Palantir: The Company
That Is Becoming the
Operating System
for Government Surveillance.

You have probably never heard of it. It knows almost everything about you. It is now embedded in ICE, the IRS, the Pentagon, and dozens of police departments. Its co-founder's former employees now run parts of the federal government. This is what it does, how it does it, and what you should know.

Digital Security · Fourth Amendment · Surveillance · Updated March 31, 2026
$970M
Palantir federal contracts in 2025 alone — nearly double 2024
$30M
ICE contract for ImmigrationOS — real-time tracking of immigrant movements
$180M
Paid to Palantir by the IRS since 2018 across 26 contracts
17
Current or former Palantir/Thiel employees working at highest levels of the Trump administration
What Is Palantir — Plain English
Founded in 2003. Named after instruments of total surveillance in Lord of the Rings. The name was not accidental.
The Name
They Named It After an All-Seeing Crystal Ball That Corrupted Its Users
In J.R.R. Tolkien's Lord of the Rings, the palantíri are ancient crystal balls that allow their users to see across vast distances — to surveil, to know, to watch. They are also instruments of corruption: in the story, every character who uses one is eventually compromised or destroyed by what they see and how they use that power. The company's founders knew this. They chose the name deliberately. Draw your own conclusions.

Palantir Technologies was founded in 2003 by Peter Thiel, Alex Karp, Joe Lonsdale, Stephen Cohen, and Nathan Gettings. Its initial funding came from In-Q-Tel, the venture capital arm of the CIA. The US intelligence community was its first customer. Surveillance was its founding purpose.

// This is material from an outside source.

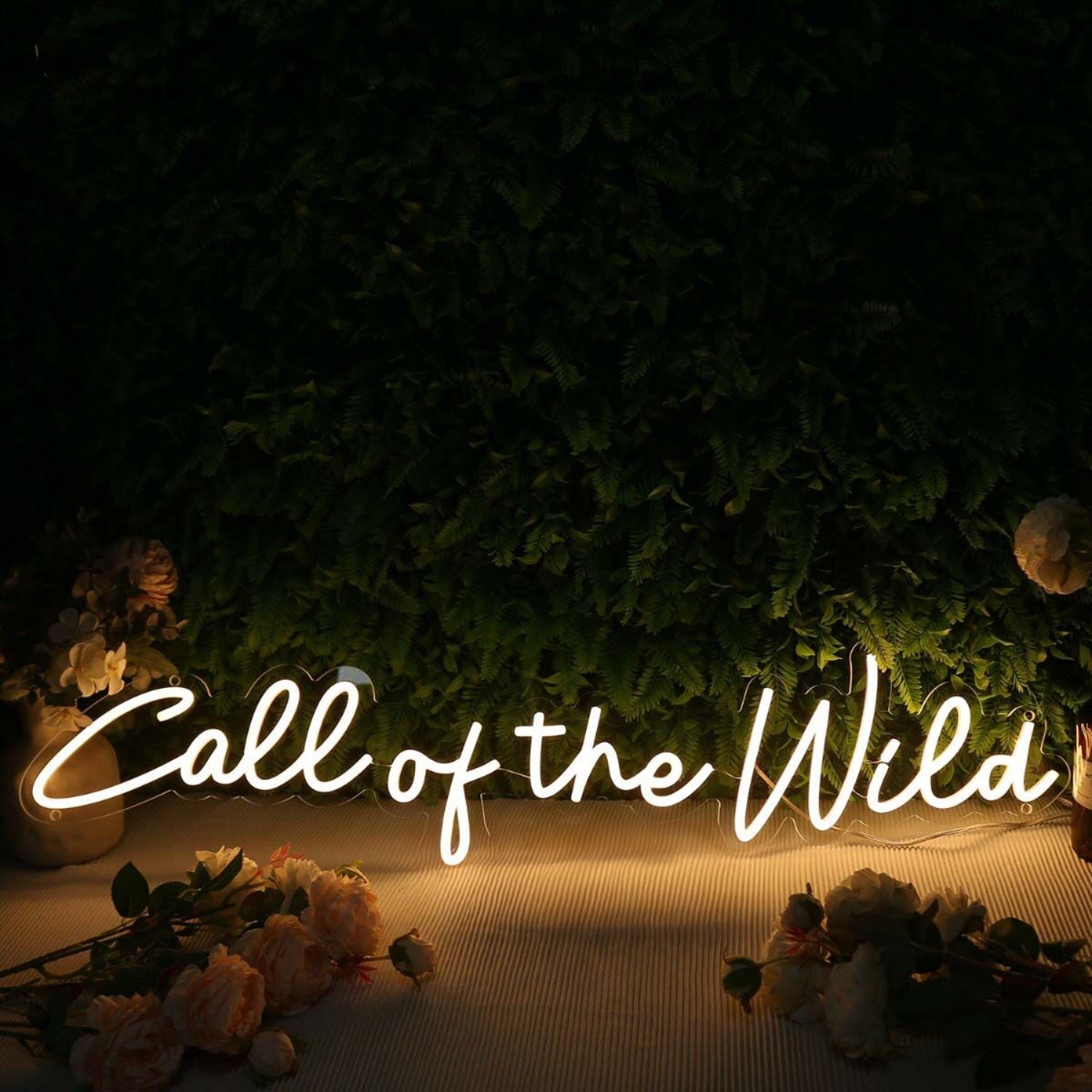 Call Of The Wild Yellow Led Neon Sign - Shineneon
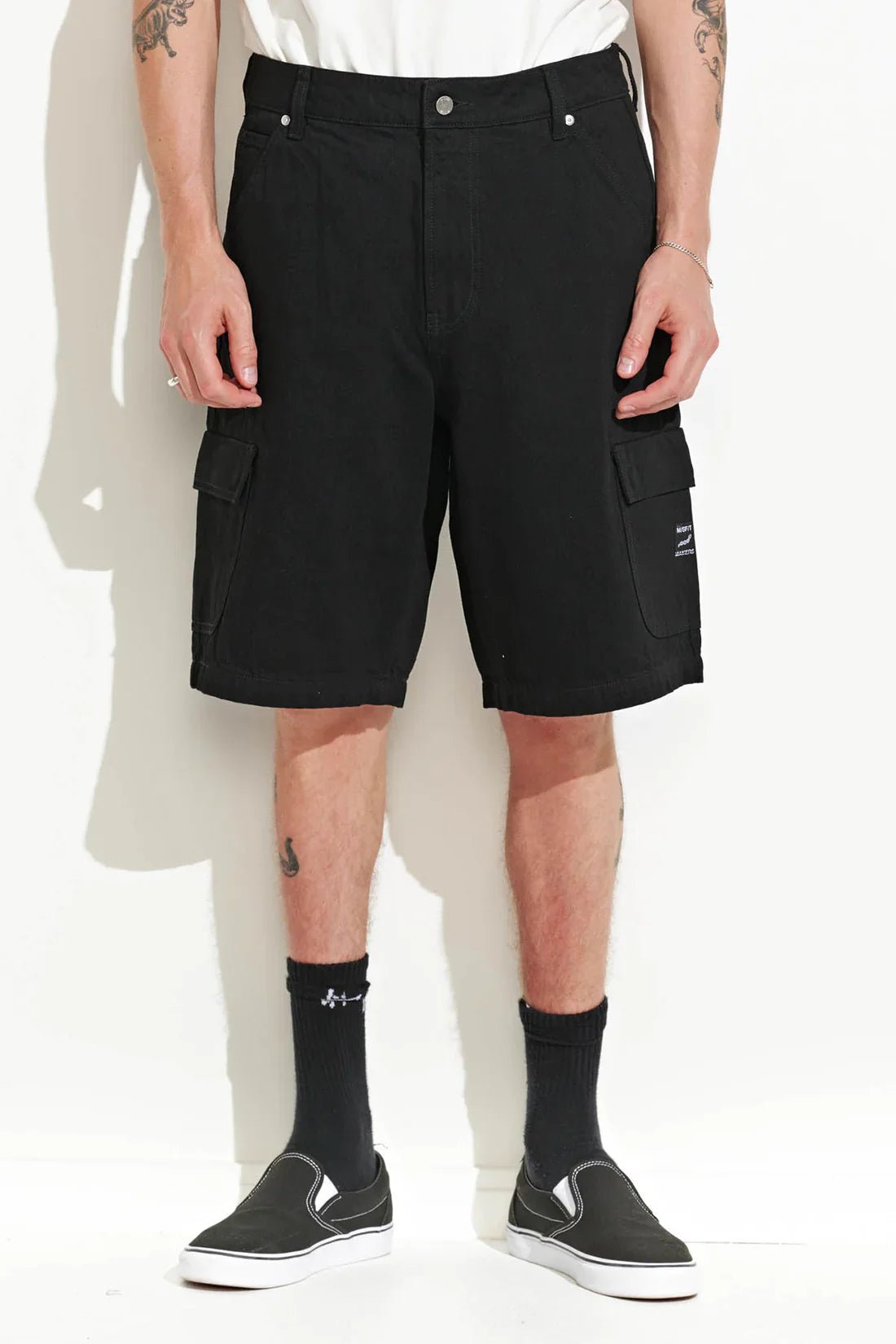 Mens Mash Jean Short - MisfitMT031901 - Coal - 30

Peter Thiel — Palantir's largest individual shareholder and its ideological architect — has said: "I no longer believe that freedom and democracy are compatible." Thiel bankrolled JD Vance's political rise, putting millions into his Ohio Senate campaign when no one else would. The Vice President of the United States owes his political career to Palantir's co-founder.

Two Products. One Purpose.
Law Enforcement / Intelligence
Palantir Gotham
Used by police departments, ICE, the FBI, CIA, NSA, and military intelligence. Designed to aggregate data from incompatible sources and make them searchable through a single interface. You put in a name, a license plate, a phone number, an address — and Gotham pulls every database record connected to that starting point. What took detectives days of manual work now takes seconds.
Government / Enterprise
Palantir Foundry
Used by the IRS, Department of Health and Human Services, and large corporations. Designed to ingest and unify massive, incompatible datasets into one searchable system. DOGE is using Foundry to build the unified IRS database. Where Gotham is the investigator's tool, Foundry is the infrastructure layer — the plumbing that makes all the data flow into one place.
The Core Value Proposition

Imagine the "detective wall" from every crime drama — photographs pinned to a board, connected by strings to names, addresses, associates, vehicles. That wall represents the work of connecting disparate information: this person lives here, drives this car, calls this phone number, has this associate. It takes hours. Sometimes days.

Palantir is that wall — automated, instantaneous, and covering everyone. Not just people under investigation. Not just people suspected of crimes. The system pulls from police databases, DMV records, IRS tax files, utility records, license plate readers, social media, and hundreds of other sources. Anyone who appears in any of those databases — which is to say, everyone — is in the system. The question is only who chooses to search for them, and why.

The Network Effect
It Does Not Just Search. It Maps.
Palantir does not return a list of records. It builds a visual web — a node graph — showing the relationships between every piece of information connected to the person being searched. Your address connects to your neighbors. Your phone number connects to everyone who called it. Your car connects to every location it was recorded. A search that starts with one name can expand within seconds to map an entire social and geographic network. No court order required to query. No suspicion required to start.